[DIRECTIONS]: Repeat the lines from the one containing "Loungelore Paint Your" through the end of the listing exactly, both ends included. Do not carry over any pictures.

-*-*-

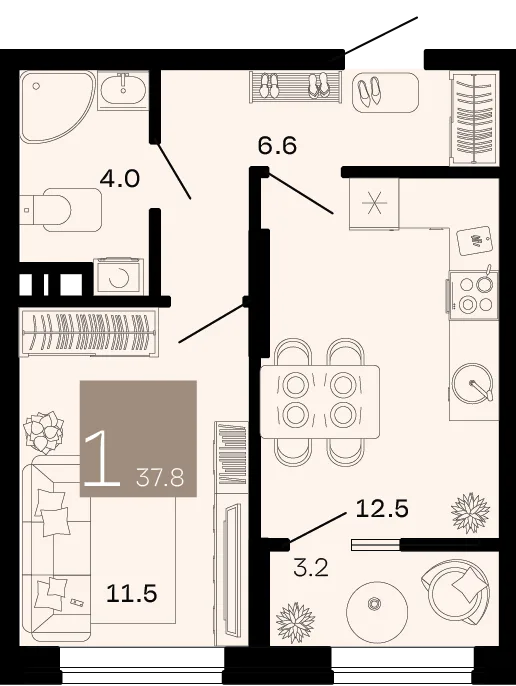 Планировка 1-комн. квартира, 37.8 м² ЖК «Хозяин морей»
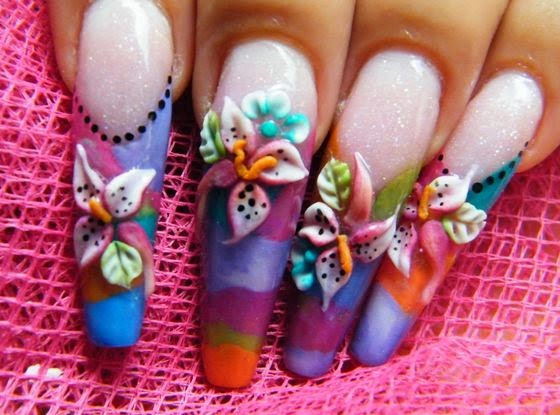 Multicolored Long Nails With 3D Flowers Nail Art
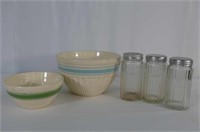 2-Oven Proof Bowls and 3-Hoosier Spice Jars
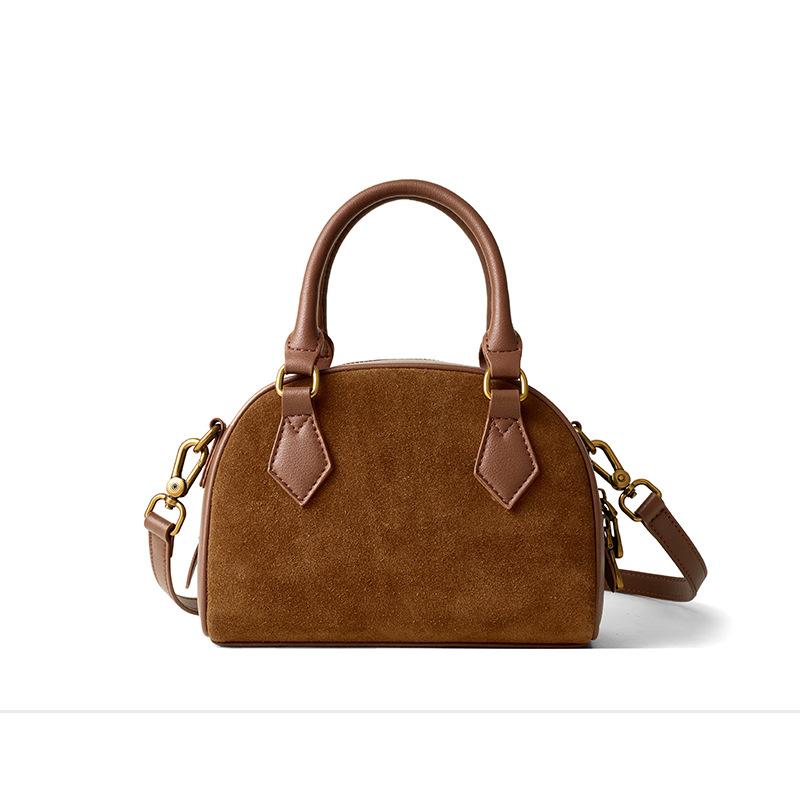 Geantă de damă din piele naturală, toamna și iarna, nouă geantă Boston, geantă de mână pentru femei, nișă retro, piele de vacă înghețată, cu un singur umăr, geantă crossbody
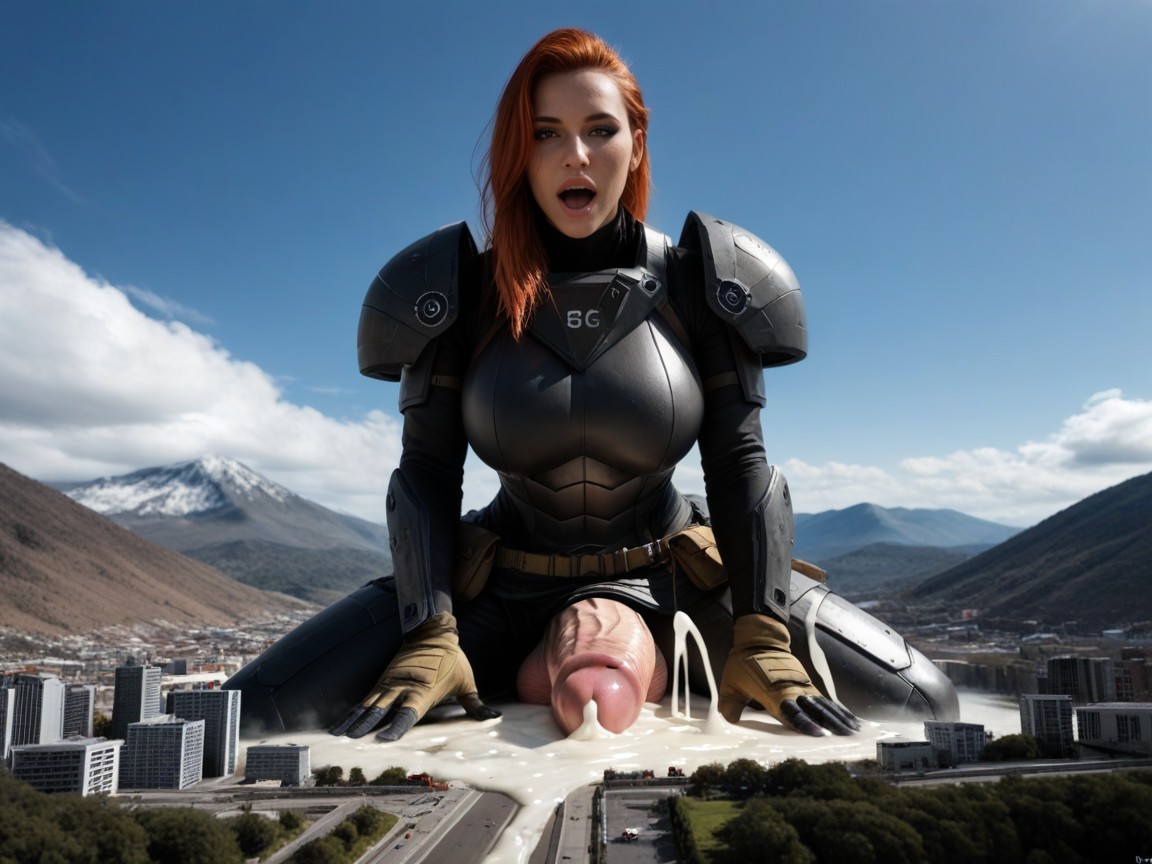 Excessive Cum Shooting From Her Cock Flooding The Entire City, Orgasm, Giant Cock AI Porn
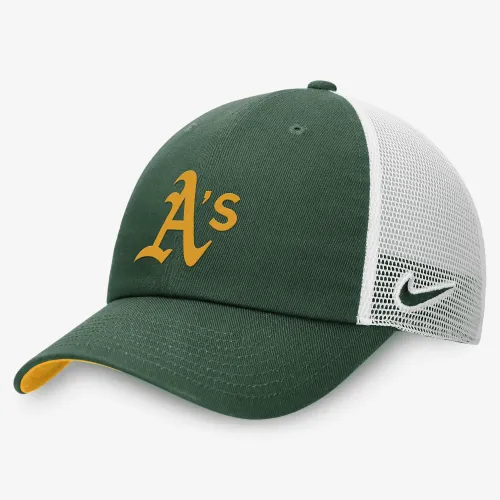 Oakland Athletics Heritage86 мужские Nike MLB Trucker Adjustable Hat цвет зеленый
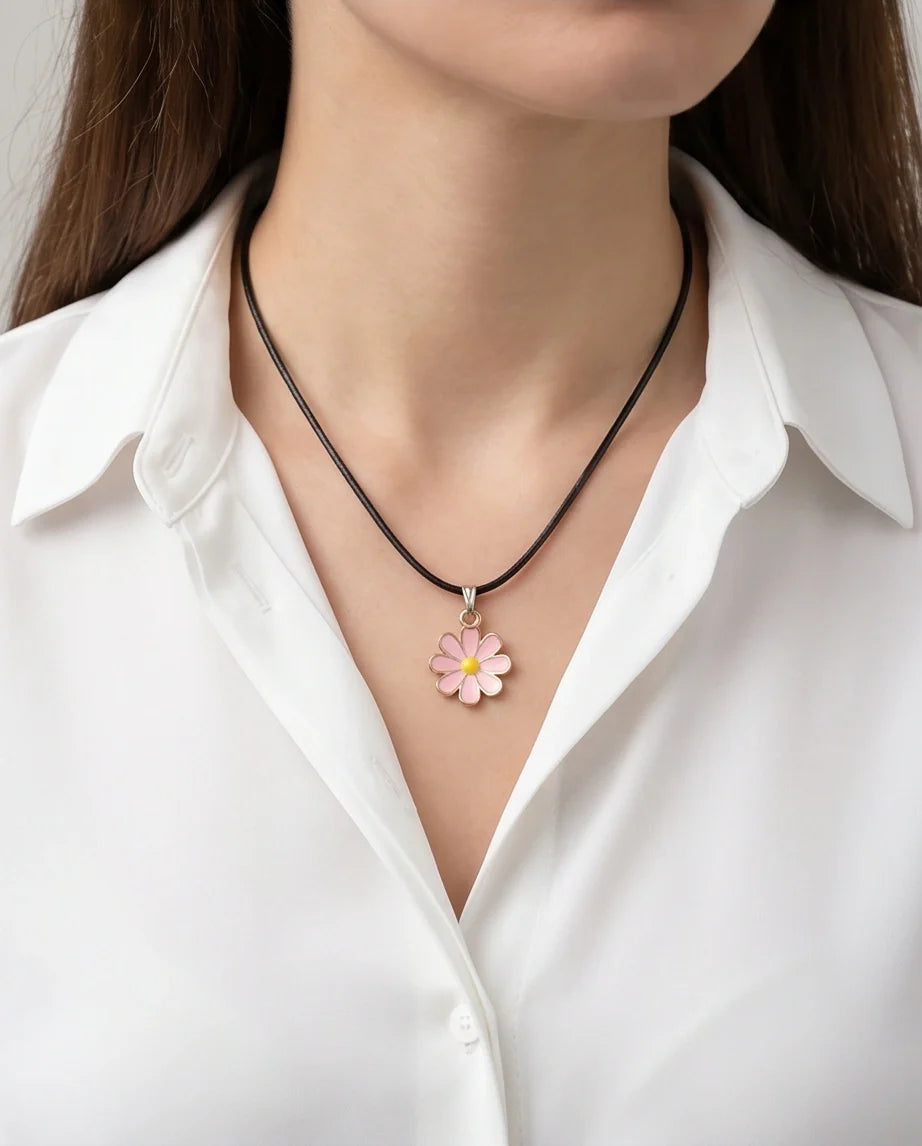 Light Pink Daisy Enamel Pendant Necklace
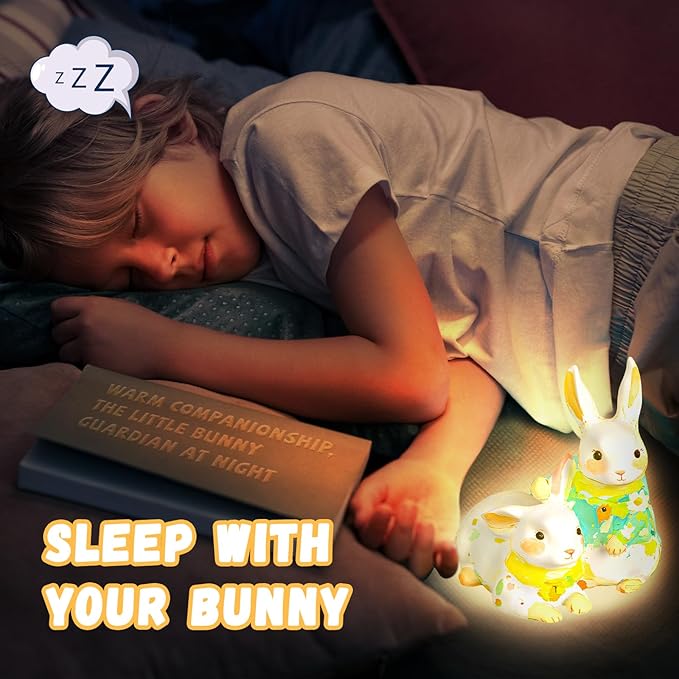 Loungelore Paint Your Own Bunny Lamp Kit, DIY Rabbit Night Light, Arts and Crafts for Kids Ages 8-12, Crafts for Kids Ages 4-8, Creativity Painting Kit Toy for Girls Ages 3 4 5 6 7 8 9 10 11 12+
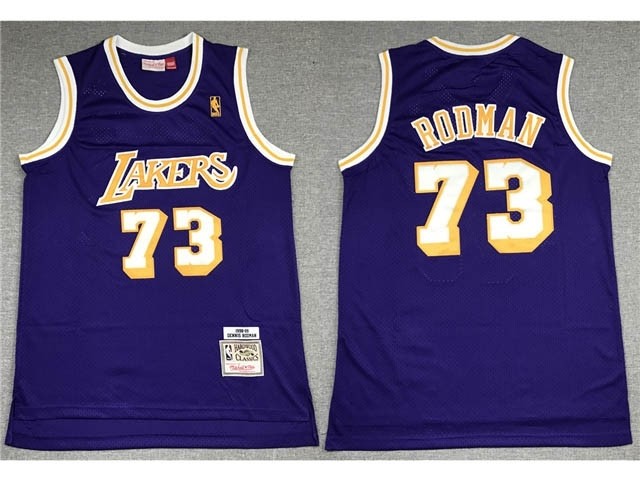 Los Angeles Lakers #73 Dennis Rodman 1998-99 Purple Hardwood Classics Jersey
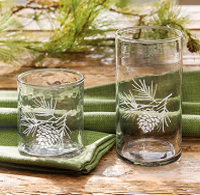 Hand-Blown Etched Pinecones Glassware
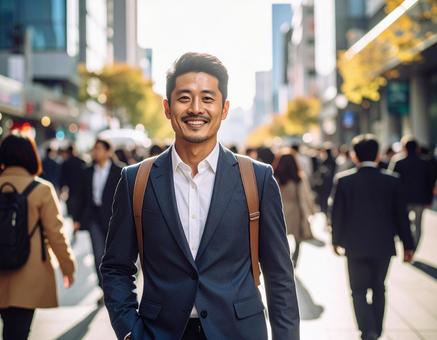ビジネスマン達の通勤風景の写真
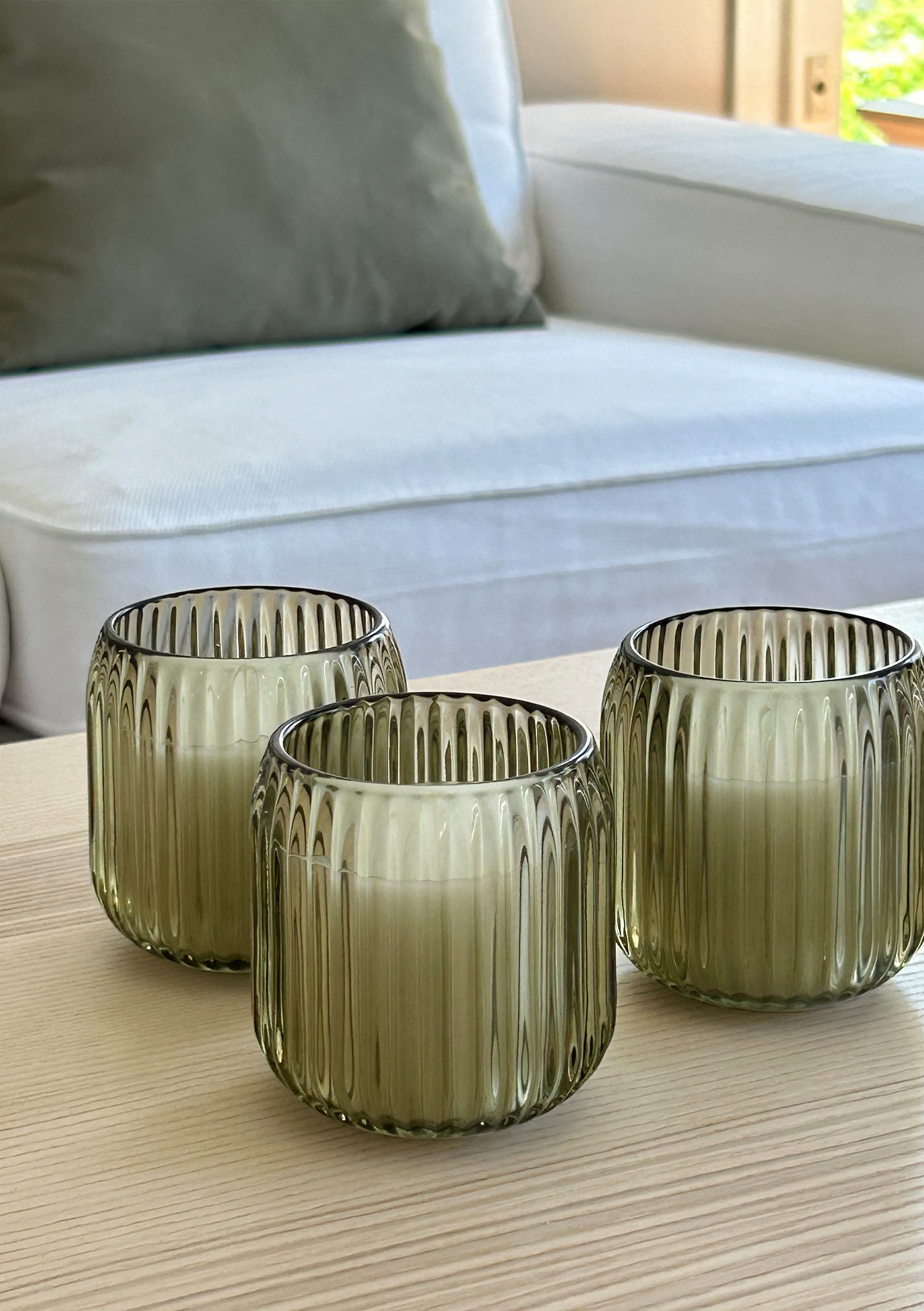 Lasikynttilä Finnmari 8,5x8,5x8,5cm tuoksu vihreä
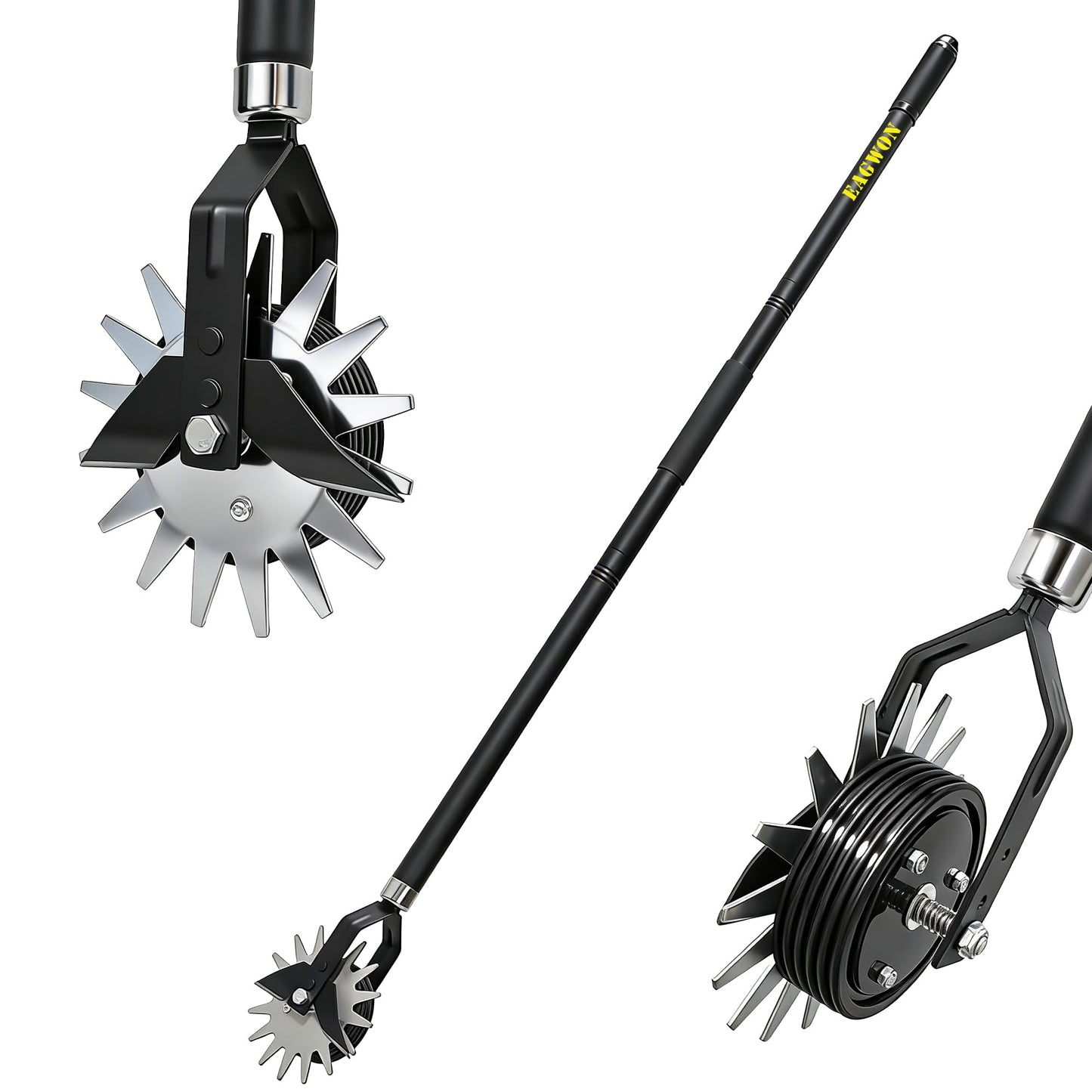 EAGWON Wheel Rotary Edger Lawn Tool, 66-Inch Manual Grass Edge Trimmer with Adjustable Stainless Steel Handle, Sidewalk Driveway Edger with Cushion Grip for Garden Landscaping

-*-*-

[EXERCISE OUTPUT]:
 Loungelore Paint Your Own Bunny Lamp Kit, DIY Rabbit Night Light, Arts and Crafts for Kids Ages 8-12, Crafts for Kids Ages 4-8, Creativity Painting Kit Toy for Girls Ages 3 4 5 6 7 8 9 10 11 12+
 Los Angeles Lakers #73 Dennis Rodman 1998-99 Purple Hardwood Classics Jersey
 Hand-Blown Etched Pinecones Glassware
ビジネスマン達の通勤風景の写真
 Lasikynttilä Finnmari 8,5x8,5x8,5cm tuoksu vihreä
 EAGWON Wheel Rotary Edger Lawn Tool, 66-Inch Manual Grass Edge Trimmer with Adjustable Stainless Steel Handle, Sidewalk Driveway Edger with Cushion Grip for Garden Landscaping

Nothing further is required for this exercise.